Roll of Unruly Clans. In 1587, along with 33 clans of the Highlands and Islands, an Act of Parliament was enacted to suppress the unruly clans of the Scottish Borders. These included 17 Border ‘clannis. Four of these were from the Middle March of Scotland, while thirteen were from the West March and included both Irving and Carruthers.
Armorial Bearings: Along with other clan Chiefs, nobility and those deemed worthy to bear arms, William Irving of Bonshaw and John Carruthers of Holmains both registered the chiefly arms of their ancestors in 1672, after the Lord Lyons Act came into force.
The Bonshaw arms are blazoned Argent (Silver), three holly leaves Proper, which is interesting as the more simple in form the arms are, normally the more ancient they are and these are very simple arms as can be seen above. The Carruthers arms are of course Gules (Red) two chevrons engrailed between three fleurs de lis Or (gold).
Family Records: Where Carruthers has the ‘Records of the Carruthers Family by AS Carruthers FSA Scot and RC Reid, the Irvings of Bonshaw have their ‘Book of the Irvings by Col John B. Irving of Bonshaw.

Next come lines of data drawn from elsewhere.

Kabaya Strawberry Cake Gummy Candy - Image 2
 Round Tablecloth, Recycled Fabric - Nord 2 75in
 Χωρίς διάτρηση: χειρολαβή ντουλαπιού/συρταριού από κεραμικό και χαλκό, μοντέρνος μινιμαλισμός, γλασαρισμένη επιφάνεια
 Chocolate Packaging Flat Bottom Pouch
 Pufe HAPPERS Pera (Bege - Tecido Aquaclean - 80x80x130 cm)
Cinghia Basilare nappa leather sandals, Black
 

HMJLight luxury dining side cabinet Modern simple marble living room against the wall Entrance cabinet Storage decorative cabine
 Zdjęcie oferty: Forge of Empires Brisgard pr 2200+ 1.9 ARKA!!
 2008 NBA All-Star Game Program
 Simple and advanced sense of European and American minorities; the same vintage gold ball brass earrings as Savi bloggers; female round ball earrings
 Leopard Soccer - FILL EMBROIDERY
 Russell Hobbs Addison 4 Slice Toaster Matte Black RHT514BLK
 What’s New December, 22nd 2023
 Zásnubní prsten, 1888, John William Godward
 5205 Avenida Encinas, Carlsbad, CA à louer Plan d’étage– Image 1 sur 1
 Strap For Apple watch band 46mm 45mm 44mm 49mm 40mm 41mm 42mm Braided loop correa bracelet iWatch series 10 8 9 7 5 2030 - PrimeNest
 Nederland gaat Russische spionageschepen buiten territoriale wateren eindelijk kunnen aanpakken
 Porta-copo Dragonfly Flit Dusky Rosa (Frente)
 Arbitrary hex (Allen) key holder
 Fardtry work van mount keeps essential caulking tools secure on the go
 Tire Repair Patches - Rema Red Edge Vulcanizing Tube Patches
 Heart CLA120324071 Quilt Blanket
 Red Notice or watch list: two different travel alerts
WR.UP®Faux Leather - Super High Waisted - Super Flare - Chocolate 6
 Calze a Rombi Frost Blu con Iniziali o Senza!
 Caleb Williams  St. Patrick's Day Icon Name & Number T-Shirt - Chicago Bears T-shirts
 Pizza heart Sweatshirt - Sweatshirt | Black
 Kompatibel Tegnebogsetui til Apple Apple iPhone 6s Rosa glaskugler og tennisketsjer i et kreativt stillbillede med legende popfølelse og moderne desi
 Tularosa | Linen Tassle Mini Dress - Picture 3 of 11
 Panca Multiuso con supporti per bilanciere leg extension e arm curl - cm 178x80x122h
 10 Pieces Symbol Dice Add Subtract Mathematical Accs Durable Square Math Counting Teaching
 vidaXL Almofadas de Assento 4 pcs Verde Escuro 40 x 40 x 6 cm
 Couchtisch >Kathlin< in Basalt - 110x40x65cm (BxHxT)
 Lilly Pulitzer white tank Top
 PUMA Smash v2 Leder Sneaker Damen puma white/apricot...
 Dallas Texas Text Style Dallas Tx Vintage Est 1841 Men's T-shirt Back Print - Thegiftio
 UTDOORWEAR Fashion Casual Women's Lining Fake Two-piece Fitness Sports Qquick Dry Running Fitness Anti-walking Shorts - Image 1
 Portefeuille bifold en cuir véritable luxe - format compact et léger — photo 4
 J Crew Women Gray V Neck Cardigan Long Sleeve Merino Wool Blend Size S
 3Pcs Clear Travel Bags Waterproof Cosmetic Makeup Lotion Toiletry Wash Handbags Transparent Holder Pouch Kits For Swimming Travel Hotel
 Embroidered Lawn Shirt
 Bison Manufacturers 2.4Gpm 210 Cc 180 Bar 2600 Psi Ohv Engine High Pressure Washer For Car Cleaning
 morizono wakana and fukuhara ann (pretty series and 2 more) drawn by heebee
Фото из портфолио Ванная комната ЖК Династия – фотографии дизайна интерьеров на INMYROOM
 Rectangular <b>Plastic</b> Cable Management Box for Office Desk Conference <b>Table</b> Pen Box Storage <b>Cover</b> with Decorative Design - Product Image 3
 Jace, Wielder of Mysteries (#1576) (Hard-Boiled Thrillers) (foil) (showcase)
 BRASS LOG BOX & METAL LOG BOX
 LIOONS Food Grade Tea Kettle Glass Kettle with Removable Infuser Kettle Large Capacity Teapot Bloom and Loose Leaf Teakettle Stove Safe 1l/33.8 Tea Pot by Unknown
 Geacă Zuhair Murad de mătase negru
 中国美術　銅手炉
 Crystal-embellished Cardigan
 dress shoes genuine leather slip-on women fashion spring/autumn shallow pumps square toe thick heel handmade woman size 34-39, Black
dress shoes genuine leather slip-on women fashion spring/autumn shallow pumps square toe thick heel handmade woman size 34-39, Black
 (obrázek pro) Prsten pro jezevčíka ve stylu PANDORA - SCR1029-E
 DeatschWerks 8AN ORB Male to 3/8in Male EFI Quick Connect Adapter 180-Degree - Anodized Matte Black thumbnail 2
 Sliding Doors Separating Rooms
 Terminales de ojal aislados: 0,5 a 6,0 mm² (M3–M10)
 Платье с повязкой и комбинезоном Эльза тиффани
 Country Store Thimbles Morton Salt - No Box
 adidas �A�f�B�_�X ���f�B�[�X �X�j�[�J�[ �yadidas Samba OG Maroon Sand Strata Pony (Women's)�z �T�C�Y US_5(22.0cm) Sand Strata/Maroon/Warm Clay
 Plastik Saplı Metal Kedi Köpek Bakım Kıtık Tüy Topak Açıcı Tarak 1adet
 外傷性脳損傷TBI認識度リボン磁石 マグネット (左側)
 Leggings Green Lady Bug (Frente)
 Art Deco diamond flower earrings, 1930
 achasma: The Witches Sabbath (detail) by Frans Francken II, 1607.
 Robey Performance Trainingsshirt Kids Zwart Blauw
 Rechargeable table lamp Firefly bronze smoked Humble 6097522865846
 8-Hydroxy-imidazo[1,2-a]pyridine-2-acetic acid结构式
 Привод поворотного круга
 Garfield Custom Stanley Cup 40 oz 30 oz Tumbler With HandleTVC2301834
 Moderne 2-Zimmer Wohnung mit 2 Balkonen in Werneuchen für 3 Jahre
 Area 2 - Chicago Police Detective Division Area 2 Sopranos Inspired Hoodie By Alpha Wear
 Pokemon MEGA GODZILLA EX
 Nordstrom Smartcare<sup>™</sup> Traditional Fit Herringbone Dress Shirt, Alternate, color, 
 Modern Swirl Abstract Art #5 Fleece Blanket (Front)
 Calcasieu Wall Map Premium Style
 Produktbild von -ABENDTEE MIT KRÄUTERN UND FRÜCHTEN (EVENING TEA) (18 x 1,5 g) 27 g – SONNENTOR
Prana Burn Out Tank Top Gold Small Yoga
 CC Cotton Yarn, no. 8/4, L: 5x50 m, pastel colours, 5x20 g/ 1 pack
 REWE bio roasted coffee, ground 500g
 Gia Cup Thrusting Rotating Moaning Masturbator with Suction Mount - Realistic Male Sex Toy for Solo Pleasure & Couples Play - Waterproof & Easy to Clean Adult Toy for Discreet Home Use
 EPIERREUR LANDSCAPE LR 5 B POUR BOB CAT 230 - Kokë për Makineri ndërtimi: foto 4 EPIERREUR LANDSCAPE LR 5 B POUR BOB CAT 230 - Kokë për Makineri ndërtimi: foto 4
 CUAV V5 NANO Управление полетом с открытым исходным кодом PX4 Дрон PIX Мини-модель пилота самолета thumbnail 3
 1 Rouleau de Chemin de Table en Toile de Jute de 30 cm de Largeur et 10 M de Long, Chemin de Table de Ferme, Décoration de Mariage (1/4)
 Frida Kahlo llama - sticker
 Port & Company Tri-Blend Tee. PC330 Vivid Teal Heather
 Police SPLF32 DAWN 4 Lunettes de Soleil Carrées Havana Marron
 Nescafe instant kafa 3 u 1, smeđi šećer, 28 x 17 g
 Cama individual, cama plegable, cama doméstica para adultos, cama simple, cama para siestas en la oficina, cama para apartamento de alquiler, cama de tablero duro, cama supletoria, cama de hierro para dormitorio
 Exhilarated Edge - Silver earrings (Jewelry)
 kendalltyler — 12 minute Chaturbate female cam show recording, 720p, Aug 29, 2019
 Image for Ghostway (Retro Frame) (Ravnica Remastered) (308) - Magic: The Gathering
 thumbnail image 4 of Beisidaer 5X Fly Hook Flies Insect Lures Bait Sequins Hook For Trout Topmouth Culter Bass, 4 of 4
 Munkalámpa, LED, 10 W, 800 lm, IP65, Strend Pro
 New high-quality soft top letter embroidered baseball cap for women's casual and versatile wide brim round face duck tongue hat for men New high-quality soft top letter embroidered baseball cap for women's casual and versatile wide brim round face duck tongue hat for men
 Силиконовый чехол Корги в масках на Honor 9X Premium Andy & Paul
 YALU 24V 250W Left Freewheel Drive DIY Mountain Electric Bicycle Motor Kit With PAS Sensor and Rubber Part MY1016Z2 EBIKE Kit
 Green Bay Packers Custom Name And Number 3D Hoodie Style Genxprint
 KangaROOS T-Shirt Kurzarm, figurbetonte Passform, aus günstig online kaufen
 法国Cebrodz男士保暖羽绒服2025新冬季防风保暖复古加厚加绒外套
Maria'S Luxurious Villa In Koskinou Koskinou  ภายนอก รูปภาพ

Diaspora: The border Clan of Irving of Bonshaw has, like our own family, spread to many corners of the planet and in the same vein as all other other border riding names, they are happy to be differentiated from any relations elsewhere.
There is no doubt that the Reiver heritage remains strong in Border families, and most so in the those interlinked with each other throughout our history i.e. Bells, Ivings, Murrays, Douglas and Johnstone to name but a few.
Above is a chart recognising the 17 Border ‘Clannis” mentioned in the 1587 Act for the suppression of Unruly Clans.
As tartan, linked to a name, never existed prior to the early 1800s, the chart shows when the clan/family tartan was registered. On the tartan sits the clan badge reflecting the crest of the Chiefs arms and on the belt and buckle encircling it the motto of the Chief. It also shows whether or not the clan/family is officially recognised in Scots law through the auspices of the Lord Lyon by having a recognised chief or if not they remain armigerous (without chief).
Both Carruthers and Irving of Bonshaw have their Chiefs arms recorded in the Public Register of all Arms and Bearing of Scotland and in the same vein as all others, both have had supporters granted to reflect their status as Clan Chiefs; Carruthers has two fallow bucks rampant Proper, and Irving of Bonshaw has two snow leopards rampant guardant Proper.